▶ [ABOUT THIS TASK]:
Omitting all images, set down every line below exactly as it appears.

▶ [DATA SEGMENT]:
= = = = =
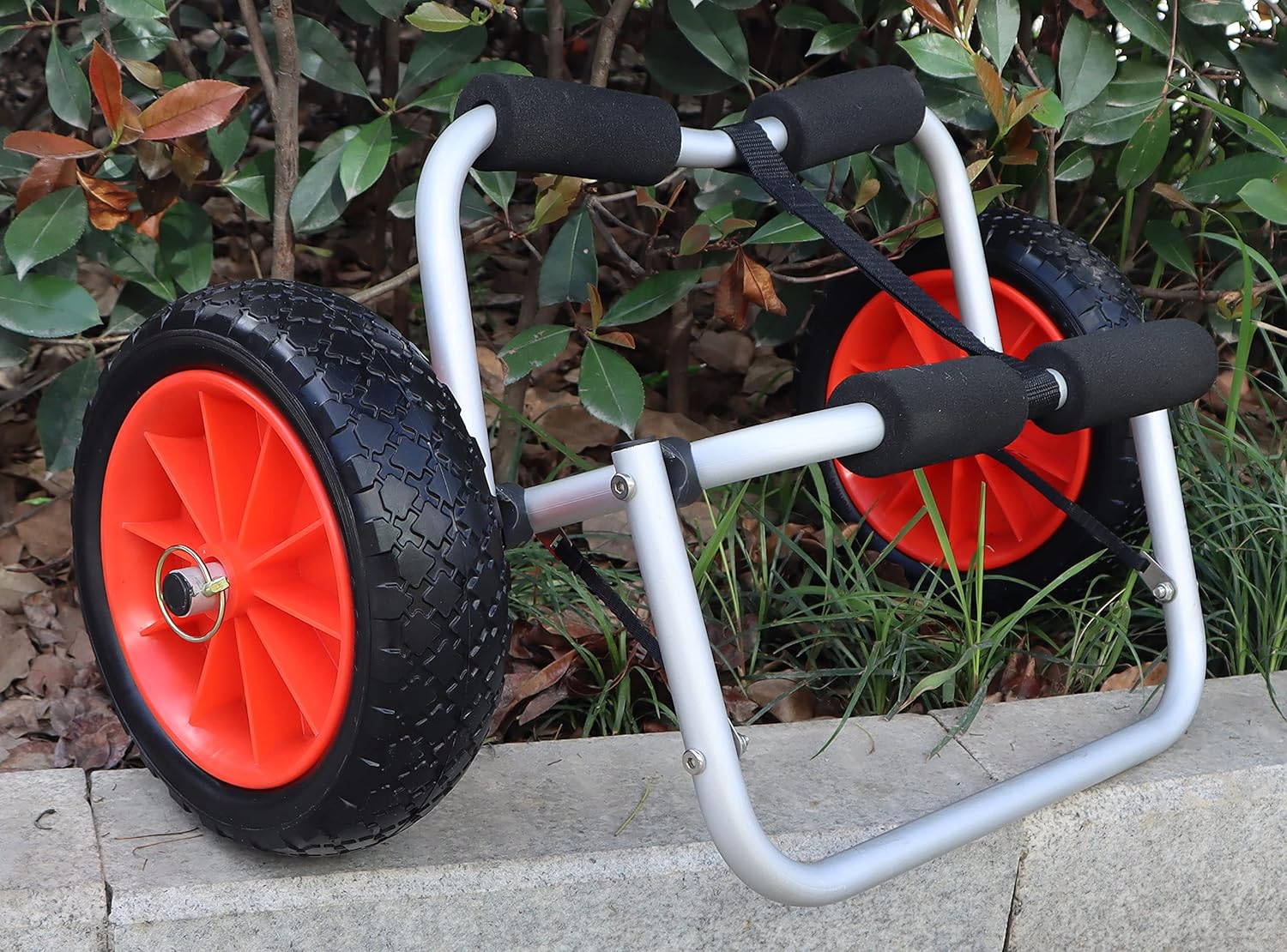METER STAR 2 ruedas de carrito de kayak de 10 pulgadas, rueda de neumático a prueba de pinchazos para kayak, canoa, carrito de repuesto, diámetro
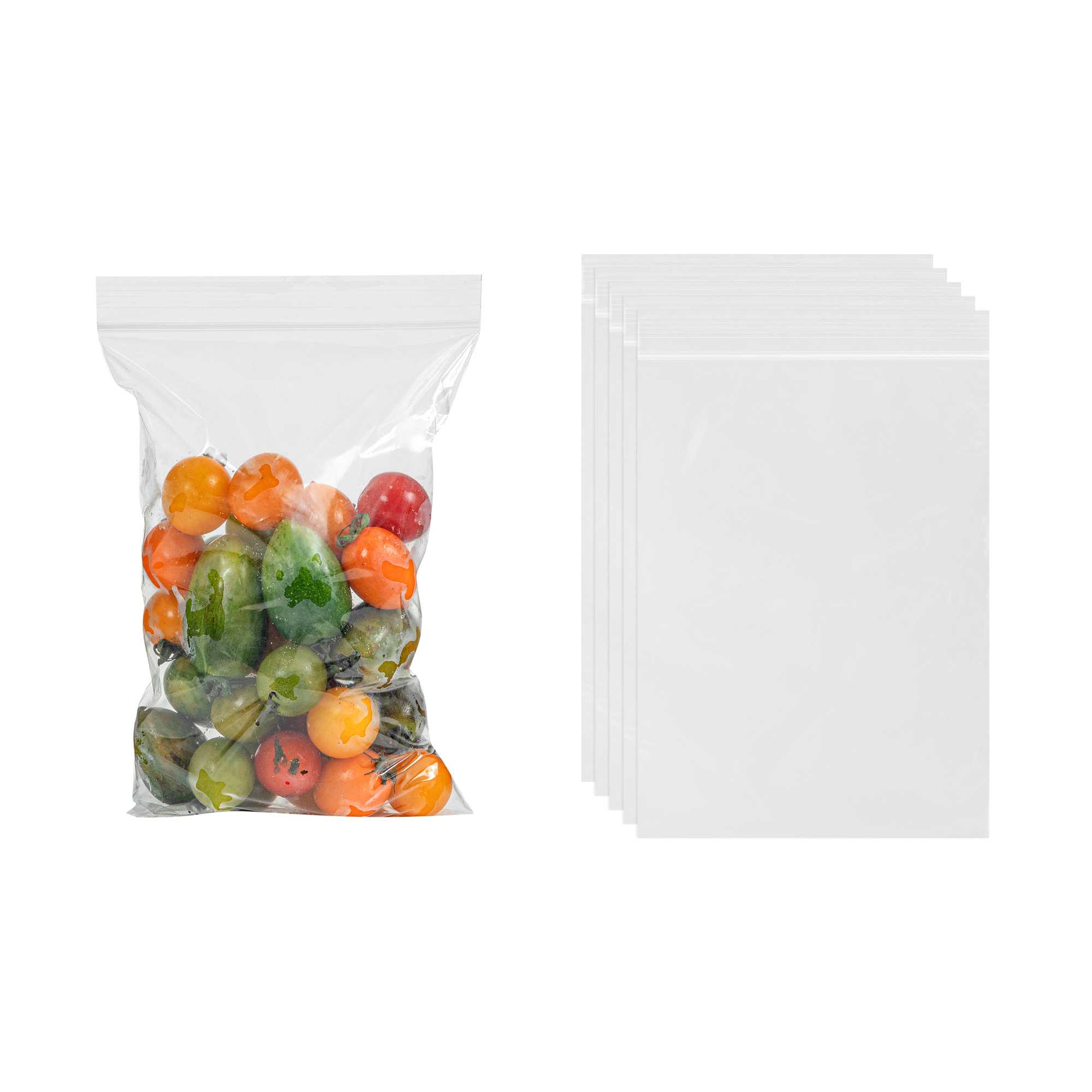 Bag Tek Clear Plastic Zip Bag - BPA-Free, High Clarity - 6" x 9" - 100 count box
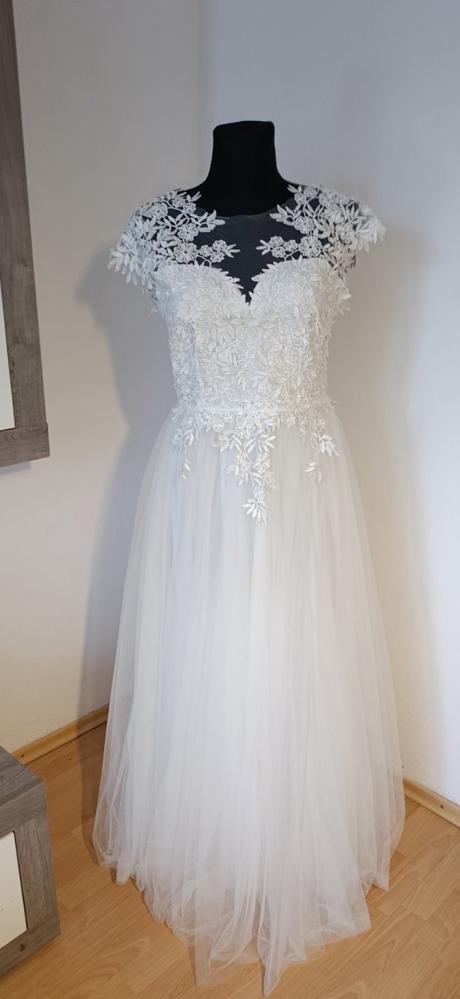 Svadobné šaty veľkosť 40, l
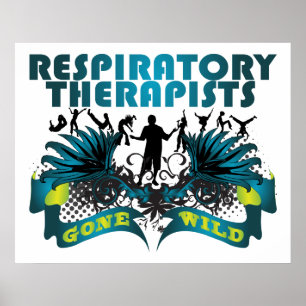 Poster Terapeutas respiratórios idos selvagens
= = = = =
▶ [EXERCISE OUTPUT]:
METER STAR 2 ruedas de carrito de kayak de 10 pulgadas, rueda de neumático a prueba de pinchazos para kayak, canoa, carrito de repuesto, diámetro
 Bag Tek Clear Plastic Zip Bag - BPA-Free, High Clarity - 6" x 9" - 100 count box
 Svadobné šaty veľkosť 40, l
 Poster Terapeutas respiratórios idos selvagens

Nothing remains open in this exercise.